[Vision2020] Megaloads Could Skip U.S. on Rail-Truck CanadaRoute

Gier, Nicholas NGIER at uidaho.edu
Thu May 26 17:52:10 PDT 2011


Hi Roger,

At the first "hearing" in Moscow in June (?) I asked Exxon-Mobil Ken Johnson about alternate routes, and he said that they had used the established "high and wide" corridor from Houston and also the Hudson Bay port for Tar Sands equipment.  

At least two things became obvious to me during the second hearing: (1) Exxon-Mobil ordered the modules from Korea in order to avoid higher costs of unionized manufacture in Alberta; and (2) they ordered them tall because they learned of the Lewiston port and Highways 12 and 200 that had no overpasses and relatively few overhead wires.

I don't know how one combines arrogance and naivete together, but Johnson admitted at the second hearing that they did not expect any opposition(!!!), and at the first hearing Johnson admitted to me that if the modules were stranded in Lewiston then they made a big mistake not having them manufactured in Alberta.

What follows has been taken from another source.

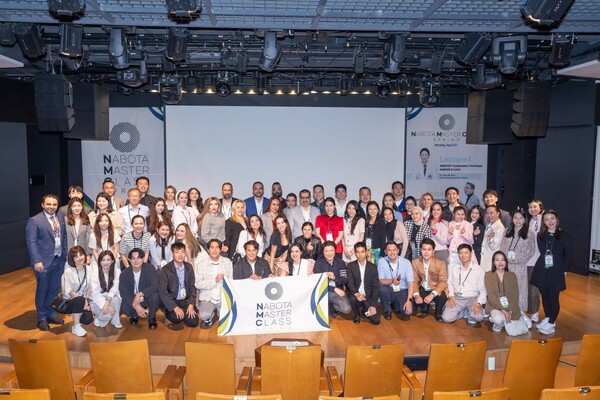 딥 나보타 마스터 클래스에 참가한 글로벌 의료진과 관계자들이 기념 사진을 촬영하고 있다. [출처=대웅제약]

Now Exxon-Mobil is paying metal workers in Lewiston $500,000 per module to have them cut in half so that they can be transported on 95 and the freeways.  Even if they still wanted to stick it to the metal workers union in Alberta, they still could have had the Koreans build them in parts in the first place.  Then they could have used then Houston route or rail from Hudson Bay and then open roads through Central Canada.

I truly hope that the Montana injunction will be made permanent and that Exxon-Mobil be forced to pay for its arrogance.